# Extracted records
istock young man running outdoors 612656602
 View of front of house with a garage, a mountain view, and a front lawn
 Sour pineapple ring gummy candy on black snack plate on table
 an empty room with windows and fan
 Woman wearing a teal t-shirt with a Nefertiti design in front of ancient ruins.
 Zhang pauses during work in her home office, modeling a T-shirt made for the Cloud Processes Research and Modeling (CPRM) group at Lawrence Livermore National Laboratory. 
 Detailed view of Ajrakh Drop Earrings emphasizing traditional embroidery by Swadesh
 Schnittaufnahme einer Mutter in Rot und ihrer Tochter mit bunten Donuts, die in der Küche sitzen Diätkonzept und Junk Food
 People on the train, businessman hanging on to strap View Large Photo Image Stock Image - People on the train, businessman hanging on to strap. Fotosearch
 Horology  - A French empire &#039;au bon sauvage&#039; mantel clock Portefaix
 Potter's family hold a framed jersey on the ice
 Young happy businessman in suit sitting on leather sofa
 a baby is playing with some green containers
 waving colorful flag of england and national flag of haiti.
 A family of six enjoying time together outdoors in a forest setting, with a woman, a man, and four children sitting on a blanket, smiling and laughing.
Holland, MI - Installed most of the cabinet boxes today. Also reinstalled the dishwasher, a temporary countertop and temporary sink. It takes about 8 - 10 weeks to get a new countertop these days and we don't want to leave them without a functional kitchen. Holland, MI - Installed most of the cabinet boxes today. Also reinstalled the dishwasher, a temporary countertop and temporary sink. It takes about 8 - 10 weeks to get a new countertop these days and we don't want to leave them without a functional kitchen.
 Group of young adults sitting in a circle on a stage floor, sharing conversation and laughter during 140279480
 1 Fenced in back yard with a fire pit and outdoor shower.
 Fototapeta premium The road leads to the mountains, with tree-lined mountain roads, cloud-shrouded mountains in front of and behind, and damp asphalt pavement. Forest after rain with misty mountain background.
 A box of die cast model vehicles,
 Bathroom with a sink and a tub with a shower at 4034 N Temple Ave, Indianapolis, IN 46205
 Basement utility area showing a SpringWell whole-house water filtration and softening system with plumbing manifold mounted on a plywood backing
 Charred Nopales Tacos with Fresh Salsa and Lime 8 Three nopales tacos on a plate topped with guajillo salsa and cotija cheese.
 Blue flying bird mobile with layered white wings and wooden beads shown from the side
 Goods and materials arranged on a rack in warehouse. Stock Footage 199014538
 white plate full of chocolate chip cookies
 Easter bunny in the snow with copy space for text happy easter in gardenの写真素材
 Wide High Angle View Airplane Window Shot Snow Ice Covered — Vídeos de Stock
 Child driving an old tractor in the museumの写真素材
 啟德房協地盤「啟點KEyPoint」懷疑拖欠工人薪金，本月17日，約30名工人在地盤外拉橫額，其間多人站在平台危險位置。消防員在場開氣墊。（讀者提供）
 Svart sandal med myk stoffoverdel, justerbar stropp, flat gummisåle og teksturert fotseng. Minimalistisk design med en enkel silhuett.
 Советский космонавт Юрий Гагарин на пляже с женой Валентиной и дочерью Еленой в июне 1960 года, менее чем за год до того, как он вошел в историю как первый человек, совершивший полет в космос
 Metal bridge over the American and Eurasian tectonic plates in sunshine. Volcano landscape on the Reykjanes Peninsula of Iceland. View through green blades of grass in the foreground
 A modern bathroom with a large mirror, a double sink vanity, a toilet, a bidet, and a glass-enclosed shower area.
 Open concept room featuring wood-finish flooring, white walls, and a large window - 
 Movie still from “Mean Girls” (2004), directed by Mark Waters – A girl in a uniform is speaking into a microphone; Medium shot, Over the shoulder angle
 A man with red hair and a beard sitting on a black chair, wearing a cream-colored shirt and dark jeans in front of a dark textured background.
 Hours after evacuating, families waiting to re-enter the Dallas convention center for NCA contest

# Exercise
In the listing above, find the line containing "1 Fenced in" and the line containing "啟德房協地盤「啟點KEyPo", then quote both, plus every line between them, exactly as written.

# Written solution
 1 Fenced in back yard with a fire pit and outdoor shower.
 Fototapeta premium The road leads to the mountains, with tree-lined mountain roads, cloud-shrouded mountains in front of and behind, and damp asphalt pavement. Forest after rain with misty mountain background.
 A box of die cast model vehicles,
 Bathroom with a sink and a tub with a shower at 4034 N Temple Ave, Indianapolis, IN 46205
 Basement utility area showing a SpringWell whole-house water filtration and softening system with plumbing manifold mounted on a plywood backing
 Charred Nopales Tacos with Fresh Salsa and Lime 8 Three nopales tacos on a plate topped with guajillo salsa and cotija cheese.
 Blue flying bird mobile with layered white wings and wooden beads shown from the side
 Goods and materials arranged on a rack in warehouse. Stock Footage 199014538
 white plate full of chocolate chip cookies
 Easter bunny in the snow with copy space for text happy easter in gardenの写真素材
 Wide High Angle View Airplane Window Shot Snow Ice Covered — Vídeos de Stock
 Child driving an old tractor in the museumの写真素材
 啟德房協地盤「啟點KEyPoint」懷疑拖欠工人薪金，本月17日，約30名工人在地盤外拉橫額，其間多人站在平台危險位置。消防員在場開氣墊。（讀者提供）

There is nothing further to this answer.